▸ **TASK DIRECTIONS**
From the first line of the data down to the line bearing "Blue celestial galaxy", output every line exactly and include no pictures.

(Image-caption web data)

────────────────────────────────────────

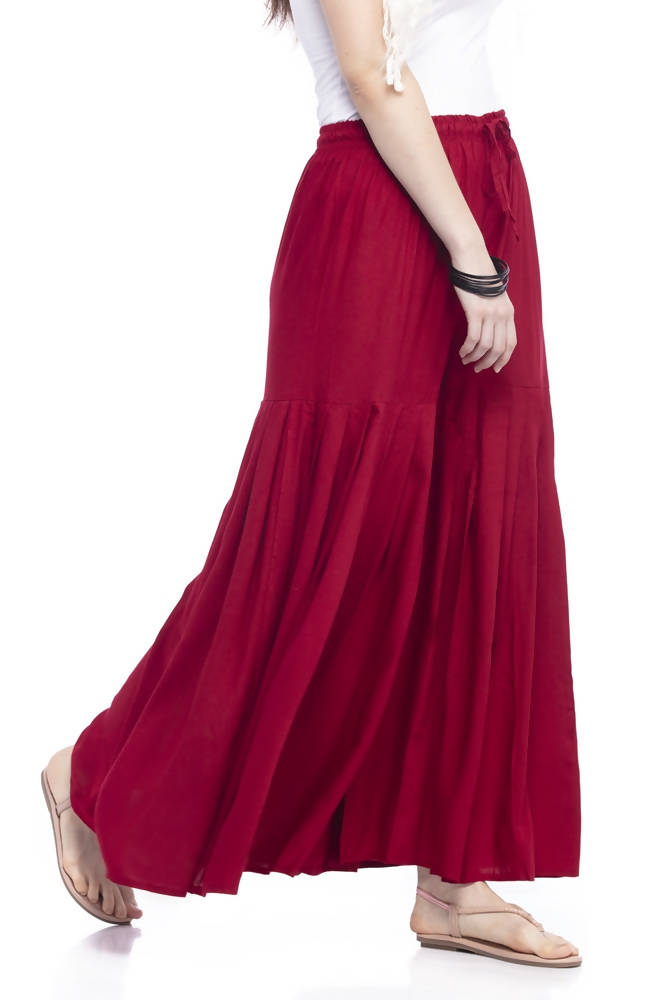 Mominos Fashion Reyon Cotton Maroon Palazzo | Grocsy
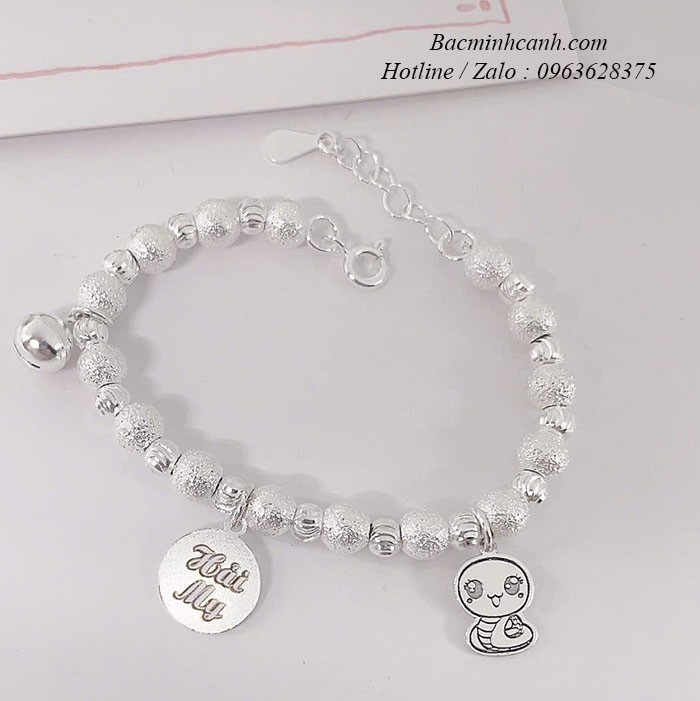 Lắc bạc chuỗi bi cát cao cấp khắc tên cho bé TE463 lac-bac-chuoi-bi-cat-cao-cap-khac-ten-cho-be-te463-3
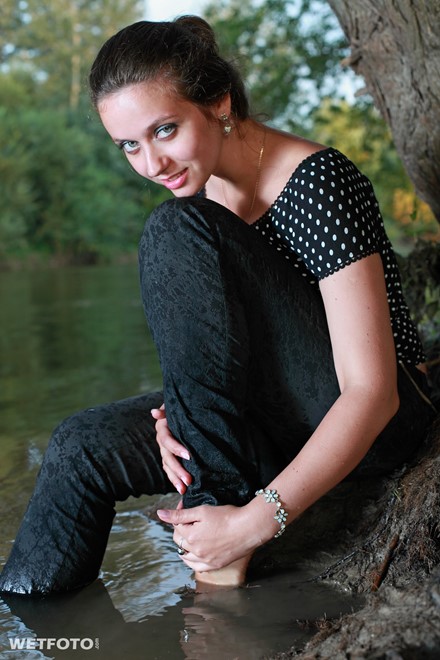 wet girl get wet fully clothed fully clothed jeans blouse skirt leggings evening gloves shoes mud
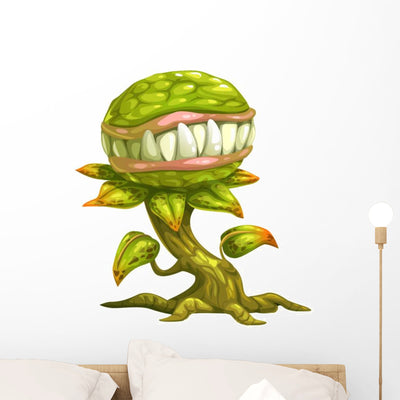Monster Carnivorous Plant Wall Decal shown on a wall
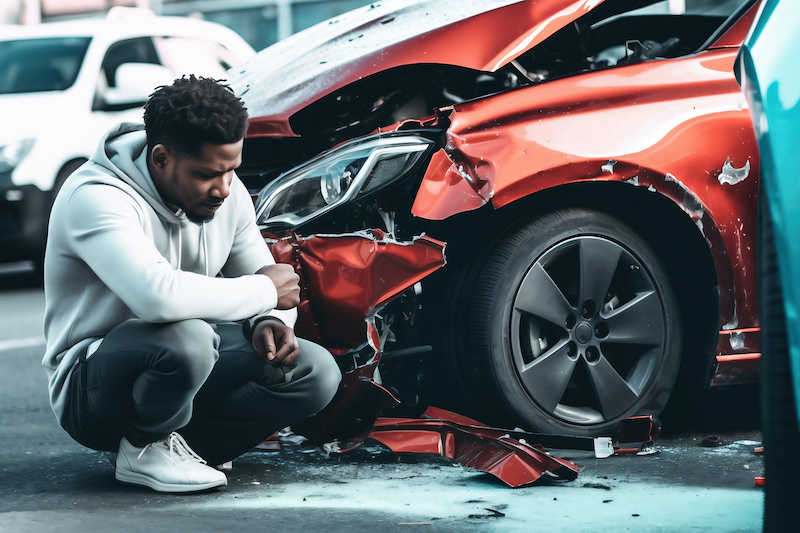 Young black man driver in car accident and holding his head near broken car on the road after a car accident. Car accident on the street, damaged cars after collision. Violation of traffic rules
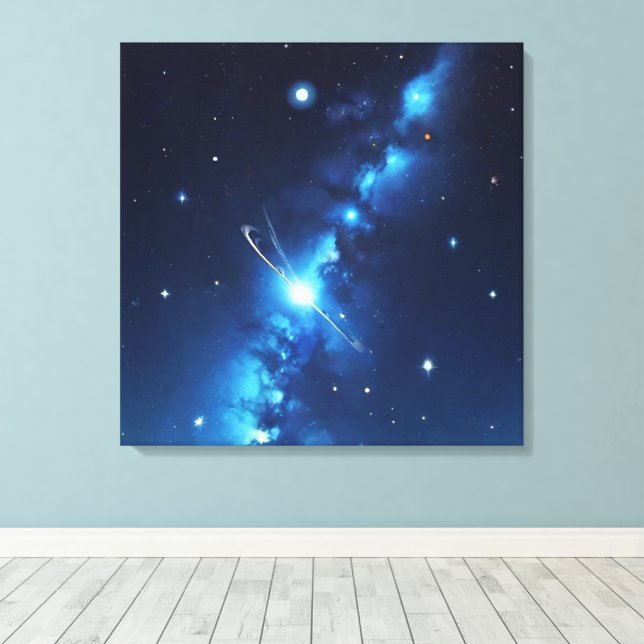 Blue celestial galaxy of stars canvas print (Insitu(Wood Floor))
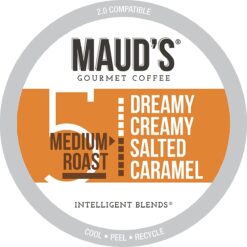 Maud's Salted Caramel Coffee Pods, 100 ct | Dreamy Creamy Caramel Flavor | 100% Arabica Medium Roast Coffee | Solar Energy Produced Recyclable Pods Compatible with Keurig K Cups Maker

────────────────────────────────────────

▸ **ANSWER BOX**
 Mominos Fashion Reyon Cotton Maroon Palazzo | Grocsy
 Lắc bạc chuỗi bi cát cao cấp khắc tên cho bé TE463 lac-bac-chuoi-bi-cat-cao-cap-khac-ten-cho-be-te463-3
 wet girl get wet fully clothed fully clothed jeans blouse skirt leggings evening gloves shoes mud
Monster Carnivorous Plant Wall Decal shown on a wall
 Young black man driver in car accident and holding his head near broken car on the road after a car accident. Car accident on the street, damaged cars after collision. Violation of traffic rules
 Blue celestial galaxy of stars canvas print (Insitu(Wood Floor))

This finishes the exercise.